If we want to target campaigns effectively, then we need to go after the companies who play the most destructive part in the class war. That is, those firms who bus in the scabs to break strikes.
In the context of the London Fire-Fighters' strike, that means AssetCo;
This is the strike-breaking force of 27 fire engines that will protect Londoners during walkouts.There are other firms too, such as Assist-Streetcare who provided scabs during last year's bin disputes, and they need to be taken on. After all, it is companies such as this who will be called in to break our picket lines as struggles get heated.
The appliances, seen here hidden behind a security fence, were removed from London firestations a month ago as part of a management contingency plan in advance of the first of a series of strikes over new shift patterns.
The firm signed a £9 million five-year contract in June last year to maintain the London Fire and Rescue Service’s 169 tenders and provide a service to cover strikes and other emergencies. The vehicles will be operated on strike days by retained and retired firefighters and crews from brigades outside London willing to break the strike. This force is expected to number 300 – about 12 for each machine – to cover shifts during the industrial action.

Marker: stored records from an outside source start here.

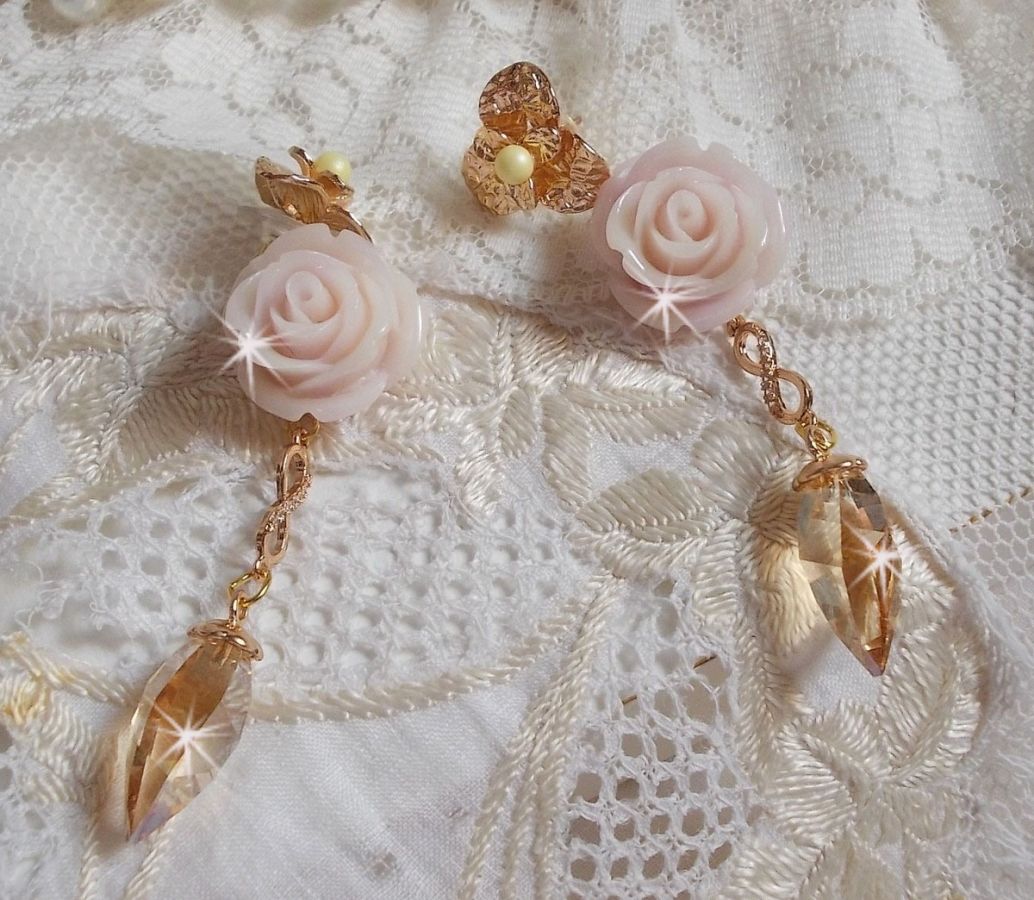 BO Bell&rsquo;issim Rose Violine avec des roses en r&eacute;sine, perles rondes nacr&eacute;es, gouttes Twisted Drop Cristal, intercalaires fa&ccedil;on infini et b&eacute;li&egrave;res en Plaqu&eacute; Or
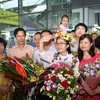 Nguyễn Khánh Linh cười tươi giữa bạn bè, thầy cô và người thân đi đón tại sân bay Nội Bài. (Ảnh: Thanh Tùng) 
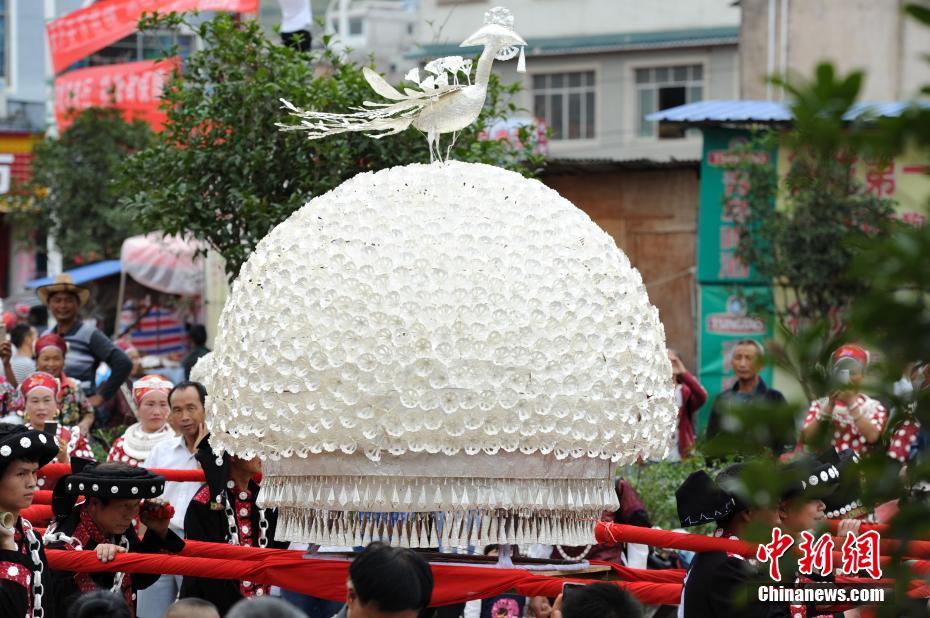 巨型银帽亮相苗族传统节日芦笙会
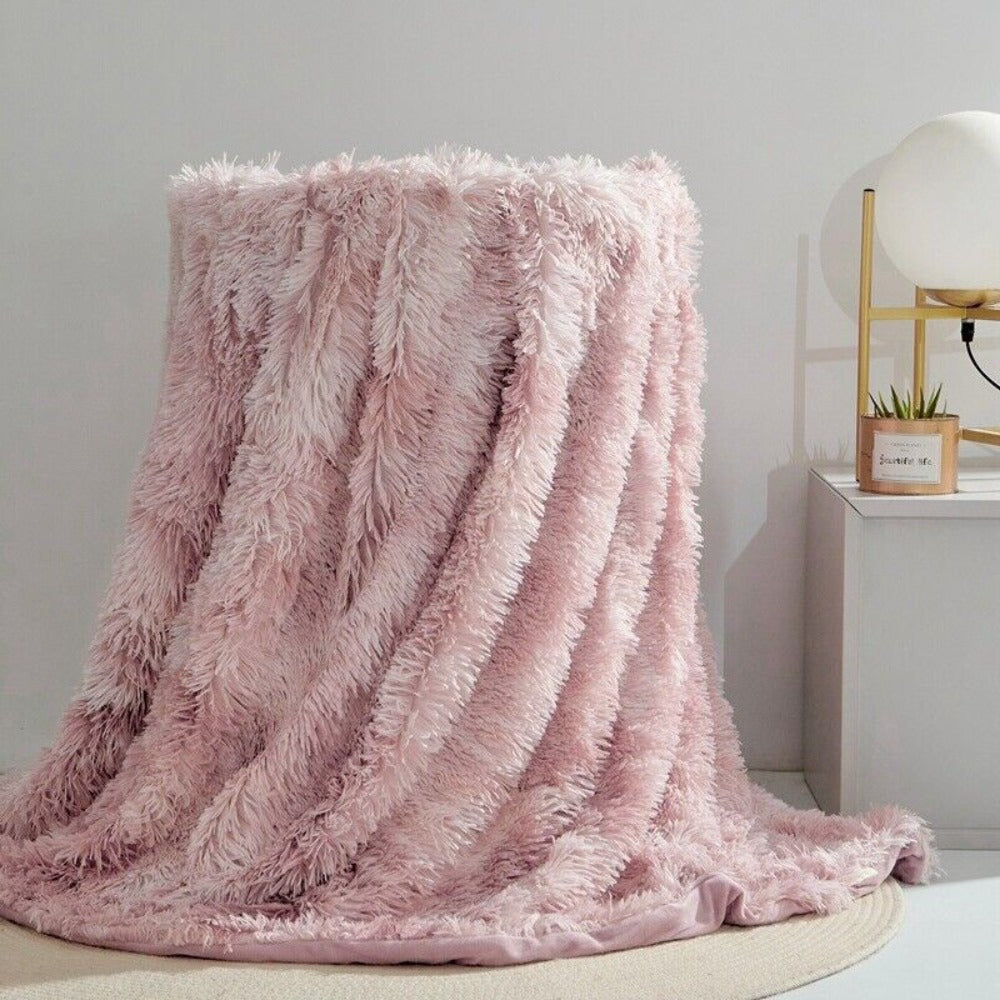 Reversible Plush Synthetic Fur Throw – Year-Round Warmth & Silky Softness for Couch, Bed & Travel | Thomler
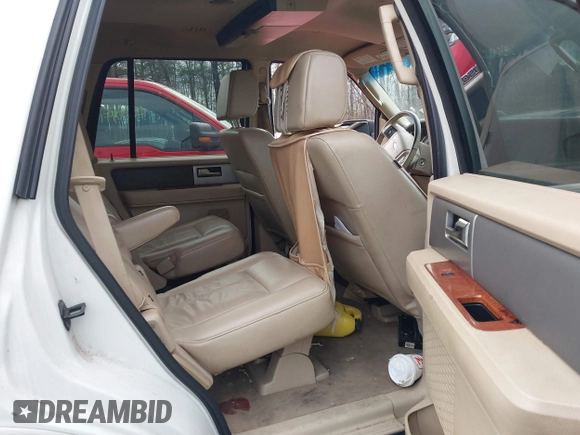 2008 Ford Expedition Eddie Bauer z VIN 1FMFU17508LA48514, wystawiony jako IAAI lot #41800982 z przebiegiem 180 038 mil mil oraz . Historia ofert i sprzedaży dostępna na DreamBid. Obrazek 8.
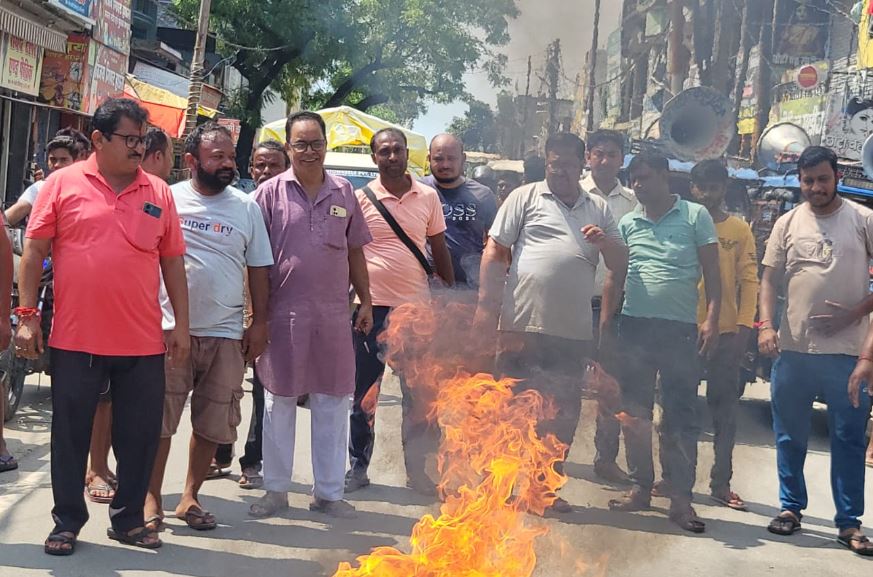 व्यापारियों का विरोध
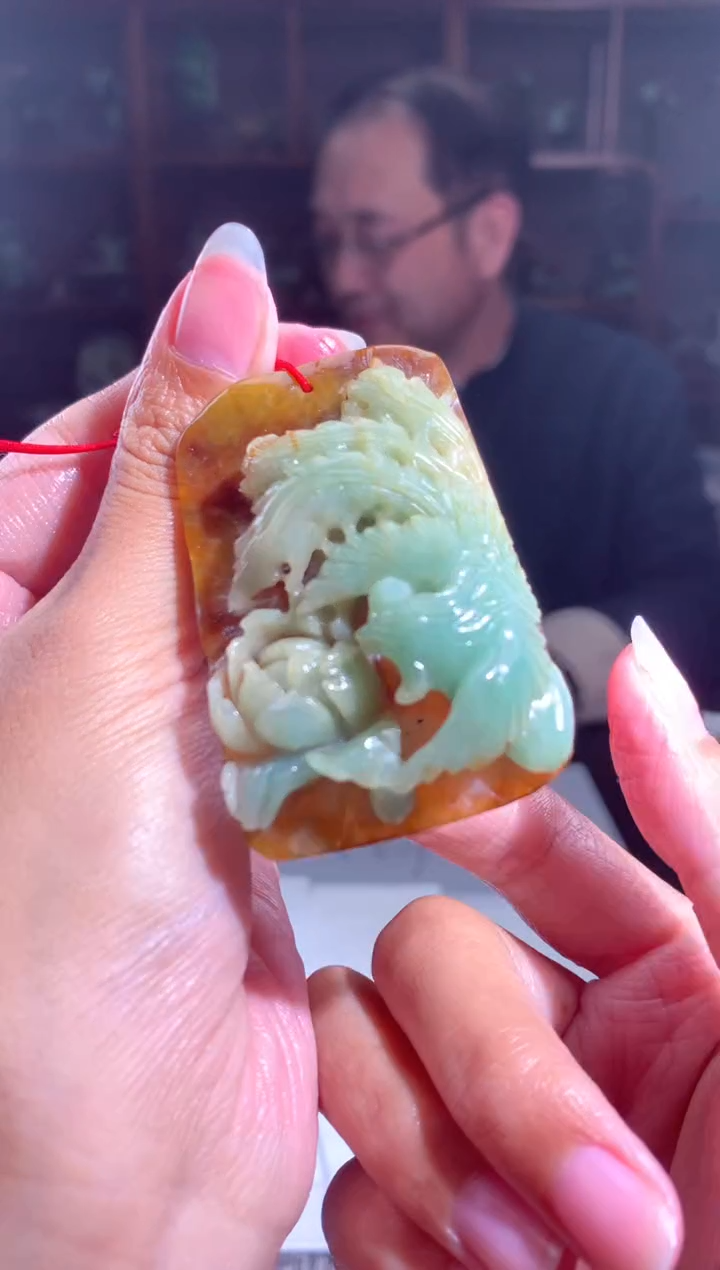 【闪购商品】定制翡翠未镶嵌挂件发货（拍一发一）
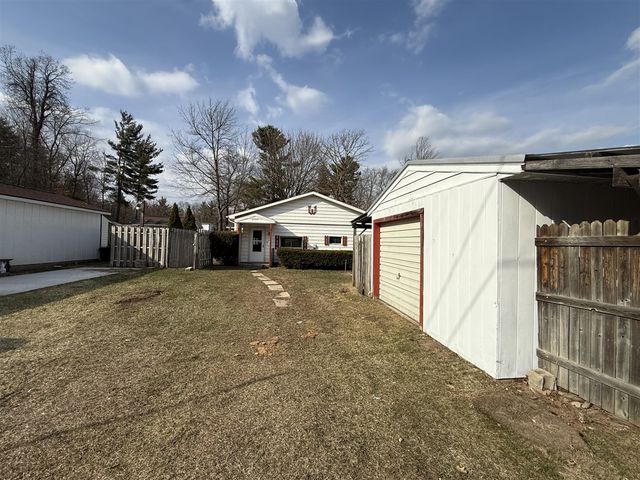 8705 E James Street, White Cloud, MI 49349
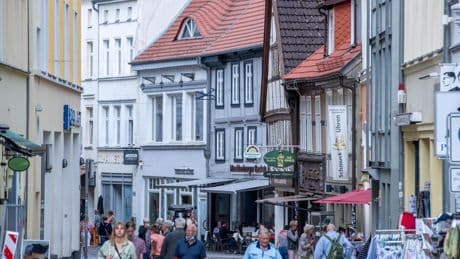 Tourismus: Übernachtungssteuer in Schwerin steigt auf sieben Prozent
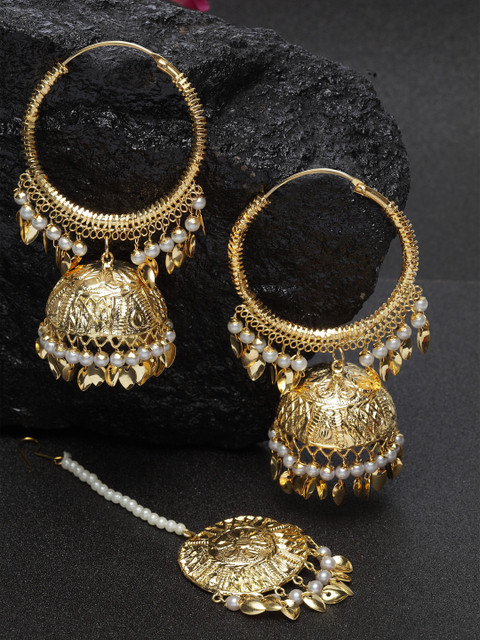 

DUGRISTYLE Gold-Plated Dome Shaped Jhumkas With Maang Teeka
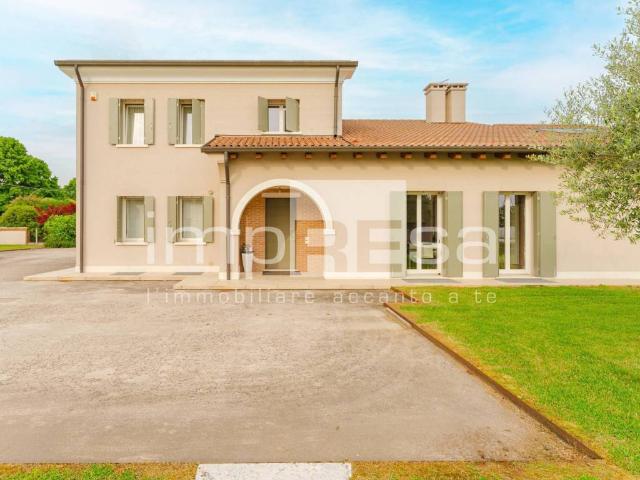 Villa Indipendente in vendita a Trevignano, Veneto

There are numerous ways we can challenge this. Chief amongst them needs to be educating the workers employed by such agencies - often casual workers with very few rights - about what they are entitled to, organising them to stand up for themselves, and building a culture of solidarity. Leafleting job centres and making the case more broadly for people to refuse scab jobs is also integral.
But there needs to be more.
The bin workers and fire-fighters both blockaded scabs trying to get into work, and those acting in solidarity with strikers need to do the same. But we need to do it before they reach the picket line, at their depots and on the streets. Direct action and sabotage are weapons we should not be afraid to employ. If six people can put a munitions factory out of action, surely we can do the same to a scab depot?
It should not end when the strike does, either. Once the picket line is gone, the attack on the scab companies must persist. The workers still need to be organised to challenge their bosses, and the company needs to face commercial and financial loss through mass pressure and boycotts.
Those who insist on attacking the working class should not be let off lightly. They are waging war, and it is more than permissible that we retaliate.
Boycotts should not be dismissed out of hand. But on there own they are nothing but gesture politics, especially if aimed at the wrong targets. Capitalists will always support capitalism, but faced with the right pressure those who provide scabs will soon think twice.